(Beginning of SOURCE DATA)

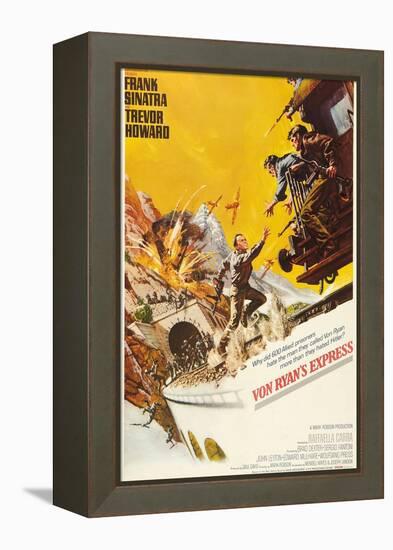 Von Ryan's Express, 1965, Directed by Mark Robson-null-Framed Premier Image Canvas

(End of SOURCE DATA)
(Beginning of SOURCE DATA)

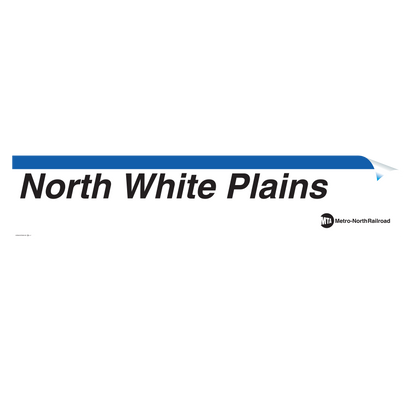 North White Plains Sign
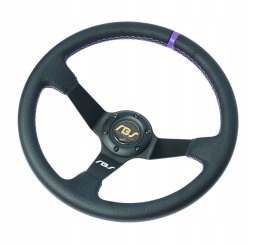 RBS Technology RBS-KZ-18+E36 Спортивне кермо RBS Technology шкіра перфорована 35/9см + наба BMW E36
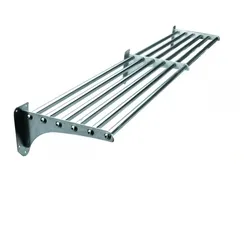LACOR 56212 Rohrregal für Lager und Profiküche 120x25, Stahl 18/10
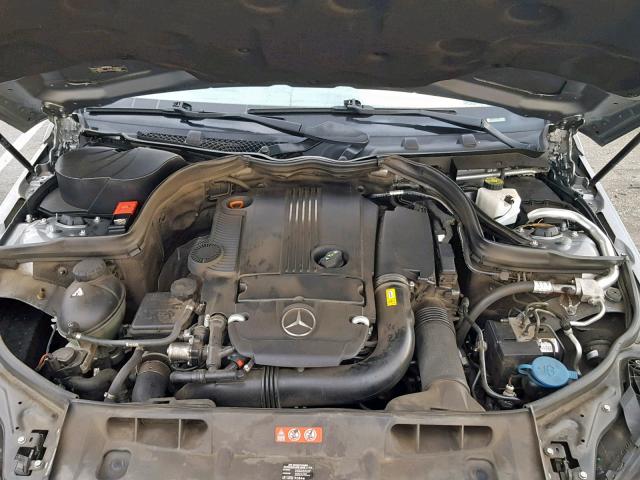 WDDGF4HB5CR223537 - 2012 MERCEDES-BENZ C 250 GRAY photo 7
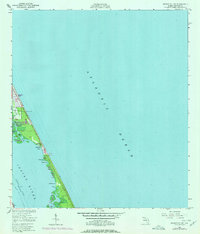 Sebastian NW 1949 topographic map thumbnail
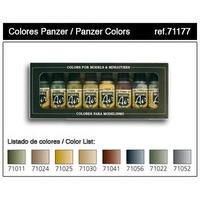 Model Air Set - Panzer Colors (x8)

(End of SOURCE DATA)

[WHAT THE EXERCISE ASKS]:
Only the lines above from the one with "LACOR 56212 Rohrregal" to the one with "Model Air Set - Panzer Colors (x8)" should be printed, both included and exactly as written; no picture belongs in the copy.

[YOUR SOLUTION]:
LACOR 56212 Rohrregal für Lager und Profiküche 120x25, Stahl 18/10
 WDDGF4HB5CR223537 - 2012 MERCEDES-BENZ C 250 GRAY photo 7
 Sebastian NW 1949 topographic map thumbnail
 Model Air Set - Panzer Colors (x8)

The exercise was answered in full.